From the records below, transcribe only the lines running from the one with "Service Caster, 4Inch" through the one with "Antique Jean Pouyat". Keep both of those end lines.

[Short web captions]
++++++++
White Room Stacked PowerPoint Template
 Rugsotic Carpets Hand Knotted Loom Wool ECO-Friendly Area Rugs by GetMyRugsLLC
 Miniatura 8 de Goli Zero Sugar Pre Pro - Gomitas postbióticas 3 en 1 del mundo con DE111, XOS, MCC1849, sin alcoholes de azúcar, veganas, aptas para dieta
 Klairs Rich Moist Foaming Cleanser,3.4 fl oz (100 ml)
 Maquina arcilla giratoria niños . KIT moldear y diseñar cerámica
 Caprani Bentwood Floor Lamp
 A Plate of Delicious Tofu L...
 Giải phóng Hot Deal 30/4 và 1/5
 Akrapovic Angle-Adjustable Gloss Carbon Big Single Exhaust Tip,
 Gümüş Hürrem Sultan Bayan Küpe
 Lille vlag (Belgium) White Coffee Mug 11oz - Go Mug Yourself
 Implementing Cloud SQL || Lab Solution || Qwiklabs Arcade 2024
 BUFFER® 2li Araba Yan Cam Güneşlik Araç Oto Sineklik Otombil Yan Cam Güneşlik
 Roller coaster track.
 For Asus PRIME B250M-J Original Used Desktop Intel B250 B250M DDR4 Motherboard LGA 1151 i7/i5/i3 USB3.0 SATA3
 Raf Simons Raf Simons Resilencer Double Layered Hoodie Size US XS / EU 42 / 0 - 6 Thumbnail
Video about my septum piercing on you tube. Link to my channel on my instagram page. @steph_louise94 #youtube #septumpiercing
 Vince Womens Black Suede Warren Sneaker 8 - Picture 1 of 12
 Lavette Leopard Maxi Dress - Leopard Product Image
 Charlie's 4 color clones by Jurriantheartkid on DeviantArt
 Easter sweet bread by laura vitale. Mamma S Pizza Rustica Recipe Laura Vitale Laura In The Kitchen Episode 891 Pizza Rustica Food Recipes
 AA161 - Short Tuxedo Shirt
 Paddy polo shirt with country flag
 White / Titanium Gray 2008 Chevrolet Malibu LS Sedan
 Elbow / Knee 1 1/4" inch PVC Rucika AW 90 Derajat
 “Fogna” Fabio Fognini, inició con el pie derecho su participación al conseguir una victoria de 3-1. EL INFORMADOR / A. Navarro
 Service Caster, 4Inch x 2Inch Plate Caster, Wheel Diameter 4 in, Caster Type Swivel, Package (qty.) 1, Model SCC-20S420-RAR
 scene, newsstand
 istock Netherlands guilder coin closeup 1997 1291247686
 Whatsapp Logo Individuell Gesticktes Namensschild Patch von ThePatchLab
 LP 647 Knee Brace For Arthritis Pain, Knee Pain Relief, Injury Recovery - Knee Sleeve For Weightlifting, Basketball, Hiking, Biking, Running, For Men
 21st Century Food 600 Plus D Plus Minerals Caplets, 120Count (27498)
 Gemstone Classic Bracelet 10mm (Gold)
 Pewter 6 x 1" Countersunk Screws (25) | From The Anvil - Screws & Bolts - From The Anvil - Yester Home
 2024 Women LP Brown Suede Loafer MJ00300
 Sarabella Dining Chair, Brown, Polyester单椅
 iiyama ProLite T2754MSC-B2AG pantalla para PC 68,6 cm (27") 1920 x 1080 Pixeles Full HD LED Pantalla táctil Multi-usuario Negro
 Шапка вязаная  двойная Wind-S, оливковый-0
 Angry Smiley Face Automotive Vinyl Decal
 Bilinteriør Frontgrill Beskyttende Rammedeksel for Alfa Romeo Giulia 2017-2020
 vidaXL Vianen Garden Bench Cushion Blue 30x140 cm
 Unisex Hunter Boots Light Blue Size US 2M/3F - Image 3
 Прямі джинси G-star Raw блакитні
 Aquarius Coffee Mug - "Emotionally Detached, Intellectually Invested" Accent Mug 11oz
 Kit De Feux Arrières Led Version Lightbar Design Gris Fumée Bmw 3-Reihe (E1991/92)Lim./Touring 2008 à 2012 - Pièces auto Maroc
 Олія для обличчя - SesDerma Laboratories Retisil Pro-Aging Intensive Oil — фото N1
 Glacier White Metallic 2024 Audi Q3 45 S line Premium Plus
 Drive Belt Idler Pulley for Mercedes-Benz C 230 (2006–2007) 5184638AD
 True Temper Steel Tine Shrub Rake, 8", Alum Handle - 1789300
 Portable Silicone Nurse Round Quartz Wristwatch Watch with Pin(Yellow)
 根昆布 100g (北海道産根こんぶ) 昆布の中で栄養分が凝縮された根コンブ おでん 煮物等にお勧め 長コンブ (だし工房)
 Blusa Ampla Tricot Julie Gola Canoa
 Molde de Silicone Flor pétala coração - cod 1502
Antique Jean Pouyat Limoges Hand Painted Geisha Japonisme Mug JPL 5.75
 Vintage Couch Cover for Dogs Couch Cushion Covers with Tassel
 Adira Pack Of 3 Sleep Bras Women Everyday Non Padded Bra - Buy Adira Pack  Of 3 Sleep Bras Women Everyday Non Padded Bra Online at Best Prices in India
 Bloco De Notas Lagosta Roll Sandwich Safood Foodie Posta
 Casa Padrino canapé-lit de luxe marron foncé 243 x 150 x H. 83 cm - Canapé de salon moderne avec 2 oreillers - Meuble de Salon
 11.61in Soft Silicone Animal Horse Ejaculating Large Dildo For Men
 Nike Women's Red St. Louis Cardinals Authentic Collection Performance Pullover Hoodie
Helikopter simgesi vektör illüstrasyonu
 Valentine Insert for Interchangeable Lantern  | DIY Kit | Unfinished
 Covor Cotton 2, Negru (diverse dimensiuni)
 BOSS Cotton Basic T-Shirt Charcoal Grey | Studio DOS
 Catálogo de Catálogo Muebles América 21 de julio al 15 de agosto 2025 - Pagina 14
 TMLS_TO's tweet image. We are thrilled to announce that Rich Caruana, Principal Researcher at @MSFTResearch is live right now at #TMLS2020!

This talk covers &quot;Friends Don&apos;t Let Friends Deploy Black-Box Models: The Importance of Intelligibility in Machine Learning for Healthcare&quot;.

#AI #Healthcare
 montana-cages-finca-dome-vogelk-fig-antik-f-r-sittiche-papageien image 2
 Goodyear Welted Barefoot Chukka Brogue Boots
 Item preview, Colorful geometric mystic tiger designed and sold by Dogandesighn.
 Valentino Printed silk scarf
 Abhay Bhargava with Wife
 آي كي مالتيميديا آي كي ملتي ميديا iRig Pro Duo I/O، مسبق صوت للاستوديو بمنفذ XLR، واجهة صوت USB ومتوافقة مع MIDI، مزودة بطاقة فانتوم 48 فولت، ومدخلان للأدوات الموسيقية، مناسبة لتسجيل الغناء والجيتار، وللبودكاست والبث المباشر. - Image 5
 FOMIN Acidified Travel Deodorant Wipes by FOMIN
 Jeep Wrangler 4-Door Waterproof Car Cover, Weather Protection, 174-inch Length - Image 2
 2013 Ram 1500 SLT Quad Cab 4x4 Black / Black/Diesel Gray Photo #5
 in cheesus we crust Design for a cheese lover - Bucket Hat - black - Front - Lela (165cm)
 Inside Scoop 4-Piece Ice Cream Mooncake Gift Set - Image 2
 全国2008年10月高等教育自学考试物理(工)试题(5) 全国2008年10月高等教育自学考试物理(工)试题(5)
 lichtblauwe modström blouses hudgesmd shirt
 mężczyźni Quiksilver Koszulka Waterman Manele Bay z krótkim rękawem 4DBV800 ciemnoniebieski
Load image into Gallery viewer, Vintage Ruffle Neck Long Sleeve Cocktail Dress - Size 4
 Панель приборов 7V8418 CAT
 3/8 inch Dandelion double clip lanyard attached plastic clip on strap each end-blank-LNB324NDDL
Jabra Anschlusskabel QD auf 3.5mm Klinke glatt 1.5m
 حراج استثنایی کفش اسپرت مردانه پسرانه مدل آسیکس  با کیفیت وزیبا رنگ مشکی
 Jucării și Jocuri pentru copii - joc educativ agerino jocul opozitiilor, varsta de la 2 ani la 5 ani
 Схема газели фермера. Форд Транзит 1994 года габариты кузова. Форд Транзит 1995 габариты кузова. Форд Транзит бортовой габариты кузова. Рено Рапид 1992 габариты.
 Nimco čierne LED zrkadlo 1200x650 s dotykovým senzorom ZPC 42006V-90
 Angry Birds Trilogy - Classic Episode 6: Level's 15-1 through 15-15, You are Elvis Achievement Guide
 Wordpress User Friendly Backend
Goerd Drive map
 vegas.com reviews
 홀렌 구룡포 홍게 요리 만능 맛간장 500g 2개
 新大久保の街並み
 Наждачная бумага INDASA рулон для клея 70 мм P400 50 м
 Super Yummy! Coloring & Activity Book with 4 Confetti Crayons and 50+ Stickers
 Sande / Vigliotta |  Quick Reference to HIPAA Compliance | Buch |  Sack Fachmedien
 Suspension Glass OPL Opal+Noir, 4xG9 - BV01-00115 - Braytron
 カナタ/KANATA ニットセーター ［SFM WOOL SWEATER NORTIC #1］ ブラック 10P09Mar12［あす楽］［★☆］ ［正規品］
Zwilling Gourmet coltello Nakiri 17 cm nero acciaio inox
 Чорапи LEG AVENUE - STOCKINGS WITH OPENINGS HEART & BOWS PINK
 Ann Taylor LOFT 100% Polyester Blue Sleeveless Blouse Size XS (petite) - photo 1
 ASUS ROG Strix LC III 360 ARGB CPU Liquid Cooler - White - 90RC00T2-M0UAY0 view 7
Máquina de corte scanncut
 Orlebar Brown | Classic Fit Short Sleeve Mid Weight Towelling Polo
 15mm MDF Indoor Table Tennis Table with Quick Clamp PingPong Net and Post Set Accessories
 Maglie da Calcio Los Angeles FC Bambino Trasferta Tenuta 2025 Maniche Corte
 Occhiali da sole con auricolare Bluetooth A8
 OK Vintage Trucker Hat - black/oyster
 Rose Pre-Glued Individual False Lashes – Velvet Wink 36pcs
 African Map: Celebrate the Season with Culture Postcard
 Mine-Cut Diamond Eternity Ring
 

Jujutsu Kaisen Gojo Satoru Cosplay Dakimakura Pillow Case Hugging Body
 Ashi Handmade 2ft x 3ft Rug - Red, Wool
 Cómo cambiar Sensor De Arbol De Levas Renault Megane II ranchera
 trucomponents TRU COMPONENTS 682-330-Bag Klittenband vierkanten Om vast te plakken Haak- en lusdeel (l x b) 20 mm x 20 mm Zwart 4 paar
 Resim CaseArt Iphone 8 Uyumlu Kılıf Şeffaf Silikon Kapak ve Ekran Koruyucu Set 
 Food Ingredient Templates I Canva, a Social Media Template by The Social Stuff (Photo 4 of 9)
++++++++
## SOLUTION
 Service Caster, 4Inch x 2Inch Plate Caster, Wheel Diameter 4 in, Caster Type Swivel, Package (qty.) 1, Model SCC-20S420-RAR
 scene, newsstand
 istock Netherlands guilder coin closeup 1997 1291247686
 Whatsapp Logo Individuell Gesticktes Namensschild Patch von ThePatchLab
 LP 647 Knee Brace For Arthritis Pain, Knee Pain Relief, Injury Recovery - Knee Sleeve For Weightlifting, Basketball, Hiking, Biking, Running, For Men
 21st Century Food 600 Plus D Plus Minerals Caplets, 120Count (27498)
 Gemstone Classic Bracelet 10mm (Gold)
 Pewter 6 x 1" Countersunk Screws (25) | From The Anvil - Screws & Bolts - From The Anvil - Yester Home
 2024 Women LP Brown Suede Loafer MJ00300
 Sarabella Dining Chair, Brown, Polyester单椅
 iiyama ProLite T2754MSC-B2AG pantalla para PC 68,6 cm (27") 1920 x 1080 Pixeles Full HD LED Pantalla táctil Multi-usuario Negro
 Шапка вязаная  двойная Wind-S, оливковый-0
 Angry Smiley Face Automotive Vinyl Decal
 Bilinteriør Frontgrill Beskyttende Rammedeksel for Alfa Romeo Giulia 2017-2020
 vidaXL Vianen Garden Bench Cushion Blue 30x140 cm
 Unisex Hunter Boots Light Blue Size US 2M/3F - Image 3
 Прямі джинси G-star Raw блакитні
 Aquarius Coffee Mug - "Emotionally Detached, Intellectually Invested" Accent Mug 11oz
 Kit De Feux Arrières Led Version Lightbar Design Gris Fumée Bmw 3-Reihe (E1991/92)Lim./Touring 2008 à 2012 - Pièces auto Maroc
 Олія для обличчя - SesDerma Laboratories Retisil Pro-Aging Intensive Oil — фото N1
 Glacier White Metallic 2024 Audi Q3 45 S line Premium Plus
 Drive Belt Idler Pulley for Mercedes-Benz C 230 (2006–2007) 5184638AD
 True Temper Steel Tine Shrub Rake, 8", Alum Handle - 1789300
 Portable Silicone Nurse Round Quartz Wristwatch Watch with Pin(Yellow)
 根昆布 100g (北海道産根こんぶ) 昆布の中で栄養分が凝縮された根コンブ おでん 煮物等にお勧め 長コンブ (だし工房)
 Blusa Ampla Tricot Julie Gola Canoa
 Molde de Silicone Flor pétala coração - cod 1502
Antique Jean Pouyat Limoges Hand Painted Geisha Japonisme Mug JPL 5.75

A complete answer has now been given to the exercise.